Walk through the reference case.

Parameter Value Notes
Peak load1,000 MWMid-size utility service territory
SAIDI improvement30 minutes (0.5 hours)Upper range; 15-30 min typical in first 12-18 months
VOLL$20,000/MWhConservative for mixed residential/commercial/industrial
Annual avoided cost$10,000,0000.5 × 1,000 × $20,000
SRE investment$2,000,000/yearStaff, tooling, training, consulting
Net annual benefit$8,000,000400% ROI
Fig. 01 · Reference case. 1,000 MW utility, 30-min SAIDI gain, conservative VOLL.
On VOLL $20,000/MWh is conservative. The Lawrence Berkeley National Laboratory Interruption Cost Estimate (ICE) Calculator puts residential VOLL at $2,000-$5,000/MWh, commercial at $10,000-$50,000/MWh, and industrial at $25,000-$100,000/MWh depending on sector, duration, and time of day. ERCOT's 2024 value-of-lost-load analysis by The Brattle Group arrived at a system-wide weighted average of $35,685/MWh. A mixed service territory averaging $20,000/MWh is a defensible starting point for planning. Some PUC filings have used numbers two to five times higher.

Because both VOLL and achievable SAIDI improvement vary by utility, the matrix below shows how the economics shift across scenarios. All figures assume a 1,000 MW peak load utility.

VOLL ($/MWh) ΔSAIDI 15 min ΔSAIDI 30 min ΔSAIDI 60 min
$10,000 (residential-heavy)$2.5M$5.0M$10.0M
$20,000 (reference case)$5.0M$10.0M$20.0M
$35,000 (ERCOT system-wide)$8.75M$17.5M$35.0M
Fig. 02 · Avoided-cost matrix. Pick your VOLL and target, read the dollar figure.

Even the most conservative scenario ($10,000 VOLL, 15-minute SAIDI gain) yields $2.5 million in avoided costs, enough to cover a fully staffed SRE program. The reference case at $20,000 and 30 minutes delivers the headline $10 million. A utility using ERCOT-calibrated VOLL with aggressive SAIDI targets could justify the program several times over.
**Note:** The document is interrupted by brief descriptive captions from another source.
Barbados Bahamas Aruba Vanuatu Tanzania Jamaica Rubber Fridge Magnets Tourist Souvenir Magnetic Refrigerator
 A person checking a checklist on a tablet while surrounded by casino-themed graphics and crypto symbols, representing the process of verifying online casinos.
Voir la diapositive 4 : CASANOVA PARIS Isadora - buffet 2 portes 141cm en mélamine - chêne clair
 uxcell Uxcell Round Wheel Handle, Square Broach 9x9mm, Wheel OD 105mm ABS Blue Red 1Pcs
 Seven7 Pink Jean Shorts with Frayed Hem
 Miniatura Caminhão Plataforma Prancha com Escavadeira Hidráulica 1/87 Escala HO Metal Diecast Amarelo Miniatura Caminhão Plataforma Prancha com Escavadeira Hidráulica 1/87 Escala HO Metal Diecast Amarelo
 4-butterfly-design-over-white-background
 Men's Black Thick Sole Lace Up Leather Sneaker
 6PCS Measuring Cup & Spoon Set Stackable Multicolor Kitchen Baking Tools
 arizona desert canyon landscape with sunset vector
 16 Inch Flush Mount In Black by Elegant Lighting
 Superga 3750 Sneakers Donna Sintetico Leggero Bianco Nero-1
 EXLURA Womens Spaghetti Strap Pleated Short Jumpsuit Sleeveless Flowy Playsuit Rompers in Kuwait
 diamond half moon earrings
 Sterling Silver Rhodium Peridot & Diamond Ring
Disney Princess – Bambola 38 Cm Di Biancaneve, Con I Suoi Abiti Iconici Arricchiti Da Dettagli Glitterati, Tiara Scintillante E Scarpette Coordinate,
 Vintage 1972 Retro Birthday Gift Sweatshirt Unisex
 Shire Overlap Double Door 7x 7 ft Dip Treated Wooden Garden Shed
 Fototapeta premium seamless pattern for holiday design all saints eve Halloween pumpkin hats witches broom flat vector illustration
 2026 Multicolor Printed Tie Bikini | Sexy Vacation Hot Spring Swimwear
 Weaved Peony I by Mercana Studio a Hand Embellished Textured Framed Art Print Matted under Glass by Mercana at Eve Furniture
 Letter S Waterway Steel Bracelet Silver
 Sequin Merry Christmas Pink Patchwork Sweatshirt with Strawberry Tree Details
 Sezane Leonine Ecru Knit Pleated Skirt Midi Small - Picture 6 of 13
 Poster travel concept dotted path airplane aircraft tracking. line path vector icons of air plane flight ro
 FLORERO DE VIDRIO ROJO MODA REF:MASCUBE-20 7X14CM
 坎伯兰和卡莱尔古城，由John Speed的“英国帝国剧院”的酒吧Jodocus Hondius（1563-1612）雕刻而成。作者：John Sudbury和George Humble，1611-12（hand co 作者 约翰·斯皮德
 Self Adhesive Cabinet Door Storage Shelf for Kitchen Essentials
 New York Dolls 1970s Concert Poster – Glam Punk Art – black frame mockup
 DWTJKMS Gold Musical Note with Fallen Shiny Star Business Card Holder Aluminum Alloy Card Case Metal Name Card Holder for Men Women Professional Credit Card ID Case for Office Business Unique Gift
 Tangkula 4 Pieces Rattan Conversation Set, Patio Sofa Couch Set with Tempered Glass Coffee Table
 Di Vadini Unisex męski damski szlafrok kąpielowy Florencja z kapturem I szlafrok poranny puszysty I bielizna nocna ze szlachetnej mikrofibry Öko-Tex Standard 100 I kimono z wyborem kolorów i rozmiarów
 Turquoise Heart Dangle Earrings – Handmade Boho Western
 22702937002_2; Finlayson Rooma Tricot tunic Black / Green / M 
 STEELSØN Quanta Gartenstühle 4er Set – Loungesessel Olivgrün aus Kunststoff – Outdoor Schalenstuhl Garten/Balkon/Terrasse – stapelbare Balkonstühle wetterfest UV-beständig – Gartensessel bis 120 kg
The formula scales linearly with system size. A 500 MW utility with 30-minute SAIDI improvement sees $5 million in avoided costs. A 2,000 MW utility sees $20 million. Even a small rural cooperative serving 200 MW of peak load generates $2 million in avoided outage costs, enough to fully fund an SRE program. The economics work at every scale because the investment is primarily operational, not capital.

§ 02SRE vs. traditional investment patterns

Utilities have spent decades solving reliability problems the same way: more poles, more wires, more transformers, more substations. These are proven approaches. They carry a specific financial profile that makes them slow to deploy and slow to pay back.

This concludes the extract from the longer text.